I’ve just taken up the Finale to Dorico offer and sat down today for a fiddle after watching the John Barron video. Using the demo piece ‘Iconica Trailer’ I tried changing the beam options to match what I use in Finale, and even described in the Dorico settings as ‘Ted Ross’, but with condensed parts the results are wrong/inconsistent. Imaged attached, the top staff does NOT straddle the staff line as it should, whilst the bottom staff does. It appears that you can’t edit beams in condensed parts - seems very restrictive if so. Any help appreciated.
Welcome to the forum.
If you mean manual editing, you can indeed. Switch to Engrave mode, make sure that Graphic editing is on, select the beam and use mouse or cursor keys woth modifiers to move it.
And this is the Graphic editing icon –
Thanks for your reply - I can edit in engraver mode. However, I just realised the problem is actually not the condensed parts, but the fact even flute 2 on its own doesn’t have the beam in the correct position (must be to do with the bottom staff line). Having to manually edit all of these will be a real pain. In addition, if I edit the beam in the single part first, this isn’t reflected in the condensed score, so I would need to edit twice! I’m assuming this is a bug then, otherwise a complete oversight…
This has to do with the nature of the condensing feature. I am pleased with my beam settings, but slurs for two condensing flutes for instance have to be edited in all three places; condensed score, flute part 1, flute part 2. One gets used to it.

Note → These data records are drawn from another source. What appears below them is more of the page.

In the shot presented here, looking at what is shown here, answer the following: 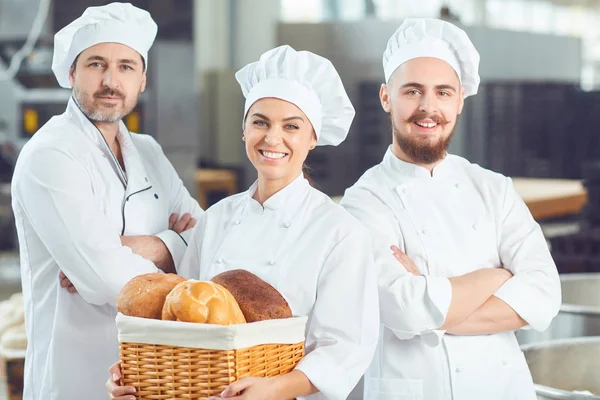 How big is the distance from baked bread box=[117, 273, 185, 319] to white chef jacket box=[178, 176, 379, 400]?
0.22 metres

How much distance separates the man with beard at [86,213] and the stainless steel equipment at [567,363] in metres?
0.98

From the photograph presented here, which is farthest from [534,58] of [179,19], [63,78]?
[63,78]

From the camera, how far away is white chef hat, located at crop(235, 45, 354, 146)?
167cm

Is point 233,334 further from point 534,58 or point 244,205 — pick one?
point 534,58

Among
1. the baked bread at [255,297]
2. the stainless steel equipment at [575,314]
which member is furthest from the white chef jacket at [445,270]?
the stainless steel equipment at [575,314]

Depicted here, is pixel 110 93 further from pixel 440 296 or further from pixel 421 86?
pixel 440 296

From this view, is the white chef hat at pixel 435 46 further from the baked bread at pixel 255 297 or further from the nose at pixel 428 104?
the baked bread at pixel 255 297

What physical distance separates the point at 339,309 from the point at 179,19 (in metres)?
3.35

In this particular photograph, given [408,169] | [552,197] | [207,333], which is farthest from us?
[552,197]

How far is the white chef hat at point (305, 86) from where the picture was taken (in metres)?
A: 1.67

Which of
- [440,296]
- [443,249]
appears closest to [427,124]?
[443,249]

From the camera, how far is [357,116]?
21.3 ft

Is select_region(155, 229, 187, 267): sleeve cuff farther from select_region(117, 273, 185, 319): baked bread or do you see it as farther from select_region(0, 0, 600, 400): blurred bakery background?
select_region(0, 0, 600, 400): blurred bakery background

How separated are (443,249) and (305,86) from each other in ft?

Yes, it is intentional that graphical edits made to the uncondensed material are not carried through to the condensed material, so that you can handle them independently if required. However, we know it would sometimes be useful to be able to tell Dorico to propagate properties from the uncondensed to condensed material, and this is something we are considering adding in future.
There are further settings related to stem lengths on the Notes page of Engraving Options that you should investigate in order to influence how Dorico vertically snaps beams to valid positions.
Thanks Daniel - I managed to fix that example by extending the stem shortening settings by 1 each way. However, I can’t for the life of my understand why my quavers on the 2nd or
3rd space aren’t having stems shortened when the setting is clearly turned on. This is going to do my head in!
Beaming is a huge mess of interrelated settings, so it’s hard to know exactly what to change. If you are looking for Ross-style beams by default, it is possible to get fairly close, but not exact. (At least I never quite got there.) I believe my defaults with your example are all correct though according to Ross, so there are settings that can be improved. All of the below are unedited and are just using my own defaults:
Condensing on
Condensing off
The factory shortened stem lengths are much longer than what Ross prescribes. The shortened stem length for eighths in the factory settings is 3 spaces which is way too long IMO. Beams / Snap to line positions also comes into play. There was a longish thread over on Notat.io where a several of us were comparing our Dorico beam settings and I posted most of mine.
Thanks Fred - you are correct it is a huge mess of interrelated settings. I managed to fix my 2nd/3rd space stem length issue by changing ‘flat quaver beams with INNER note closer to the beam…’ to ‘Allow stem shortening’ even though my example doesn’t have an inner note.
Yeah, I have that one checked in my defaults too.